Wayne’s jaw dropped. After a moment he narrowed his eyes and studied Ross with dawning suspicion. Ross smiled. Shelley was right; he was incorrigible.

Losing interest in the conversation, he glanced back at Shelley. Her spine had stiffened and she looked bemused. So Ute had broken the news, he thought. This might be a good chance to press his advantage with Shelley. However much he might want her—or want to run from her—personally, his attempt to hire her was still a good business decision. She really was the best choice. She would be a smashing success at Elite. He was sure that within a year she’d be promoted to a bigger school, perhaps to one of the ones he visited regularly for briefings and business meetings...

He walked toward her, wondering whether this would be his chance to clinch the deal. As he approached, Shelley looked up at him. Her expression changed from one of patient understanding to one of barely controlled fury. One look at those big gray eyes burning with anger and hurt told him he’d miscalculated badly this time. He cursed her impractical sense of loyalty, even as he acknowledged that it was part of what made her so special.

“I am sorry, Shelley,” Ute was saying. “You know it is not personal.”

“Of course, Ute. I understand,” Shelley said in such an even tone that Ross wondered whether anyone else realized how upset she was.

“But Ross has offered me the pay that Babel should be giving me after all the years I have worked for them.”

“I know. You have to choose the employer you feel is fairest,” Shelley answered calmly.

“You know I like working for you, Shelley. If only they weren’t so inflexible at headquarters...”

Shelley looked at Ross with ill-concealed hostility. “Congratulations, Ross. You’ve just hired an excellent German teacher.”

“If Babel won’t pay its employees what they deserve, it can’t reasonably expect to keep them,” Ross said with quiet force. His oblique reference to her own position only seemed to make her angrier.

“Have you also hired a Japanese teacher today?” she asked steadily, looking at the pretty, young Japanese woman who worked for her.

Hiroko shrugged, looking distressed. “I don’t know, Shelley. I don’t want to quit you, but he’s offering better pay. I’ve got to pay my tuition, my car, my rent... I just don’t know.”

“Me, I will stay with Shelley,” said Pablo Gutierrez. “You saved my neck, no?” he added with a grin.

Shelley smiled gratefully at him. Her other teachers shifted uncomfortably. Then she said to them all, “Look, I didn’t come here to make a scene. I wish I could convince you to stay at Babel. I’ll keep trying to talk New York into raising your pay. But... you have your own lives and pocketbooks to consider, and I certainly can’t blame you for being enticed by Elite’s promises of higher pay. Just come and talk to me first, okay? If only to say goodbye.”

Shelley turned away from the group. She felt a pressing need to get out of the room, away from all of them, away from Ross.

“Can we talk about this?” he said, following her.

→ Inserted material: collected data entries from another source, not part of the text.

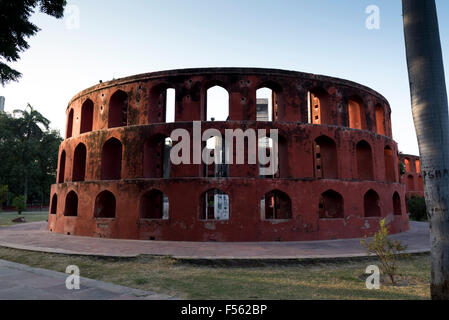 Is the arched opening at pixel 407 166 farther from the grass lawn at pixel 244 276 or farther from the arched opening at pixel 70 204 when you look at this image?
the arched opening at pixel 70 204

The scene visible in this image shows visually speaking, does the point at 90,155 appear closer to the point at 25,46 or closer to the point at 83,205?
the point at 83,205

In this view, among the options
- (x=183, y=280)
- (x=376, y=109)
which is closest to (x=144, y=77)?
(x=183, y=280)

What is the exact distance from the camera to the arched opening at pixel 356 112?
1637 cm

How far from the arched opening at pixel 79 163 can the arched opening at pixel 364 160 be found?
15807 mm

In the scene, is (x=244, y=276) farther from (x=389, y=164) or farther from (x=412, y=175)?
(x=412, y=175)

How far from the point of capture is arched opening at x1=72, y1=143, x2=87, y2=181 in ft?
54.7

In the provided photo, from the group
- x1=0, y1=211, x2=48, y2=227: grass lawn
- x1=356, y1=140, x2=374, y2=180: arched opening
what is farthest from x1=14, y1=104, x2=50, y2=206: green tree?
x1=356, y1=140, x2=374, y2=180: arched opening

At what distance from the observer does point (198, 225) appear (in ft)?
40.8

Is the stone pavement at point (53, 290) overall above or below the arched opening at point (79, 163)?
below

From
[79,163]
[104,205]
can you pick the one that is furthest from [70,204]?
[104,205]

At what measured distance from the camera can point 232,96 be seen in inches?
553

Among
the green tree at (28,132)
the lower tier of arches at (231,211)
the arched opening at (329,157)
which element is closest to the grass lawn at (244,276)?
the lower tier of arches at (231,211)

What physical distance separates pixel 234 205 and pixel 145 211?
4719 mm

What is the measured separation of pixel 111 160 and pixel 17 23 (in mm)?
8085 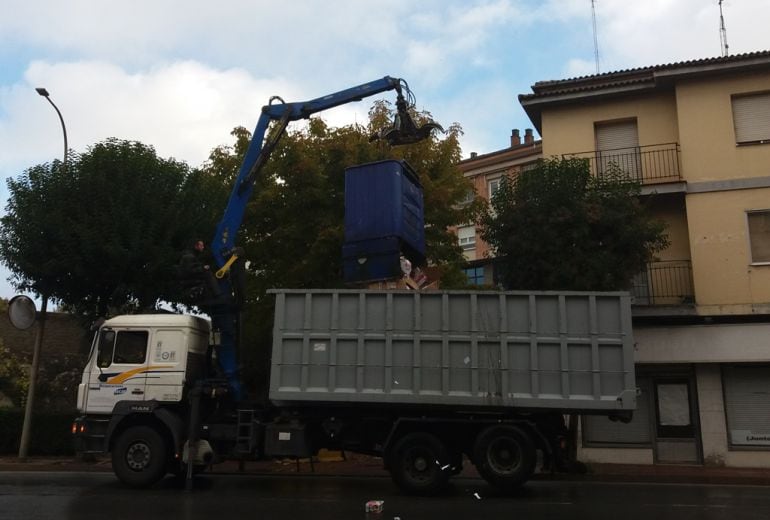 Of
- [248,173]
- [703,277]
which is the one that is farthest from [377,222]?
[703,277]

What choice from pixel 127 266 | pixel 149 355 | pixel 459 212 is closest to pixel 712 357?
pixel 459 212

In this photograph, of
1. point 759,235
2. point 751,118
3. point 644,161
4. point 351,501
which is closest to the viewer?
point 351,501

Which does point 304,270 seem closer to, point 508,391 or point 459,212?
point 459,212

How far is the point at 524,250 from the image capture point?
14.2m

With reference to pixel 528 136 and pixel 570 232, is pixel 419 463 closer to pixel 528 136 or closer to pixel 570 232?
pixel 570 232

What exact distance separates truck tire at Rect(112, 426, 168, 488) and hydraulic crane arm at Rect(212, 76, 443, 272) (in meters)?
3.24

“No!” she said sharply. “Just leave me alone.”

She saw Wayne embroiled in conversation with some woman and decided to leave without interrupting him. She had to get out of here. She needed time to regroup. It was the end of a long day, and she was too overworked to cope rationally with this right now.

She went directly to the coat closet and rifled through it, looking for the beige jacket she’d hung up upon arriving. As she ripped it off the hanger, strong hands took it away from her. She looked up into Ross’ serious gaze.

“Will you come into my office and talk privately with me?”

“So you can justify this with your verbal acrobatics?”

“You’re being—”

“Don’t you dare tell me I’m being unreasonable,” she snapped.

“Your teachers are smart enough—”


I
am not an underpaid part-time employee just passing through, so don’t equate me with them. I’m the director. I’m the captain of the ship that you’re sinking, and I do
not
want to talk again about why I should desert it to come to work for the guy who’s masterminding this mess!” She tried to yank her coat away from him.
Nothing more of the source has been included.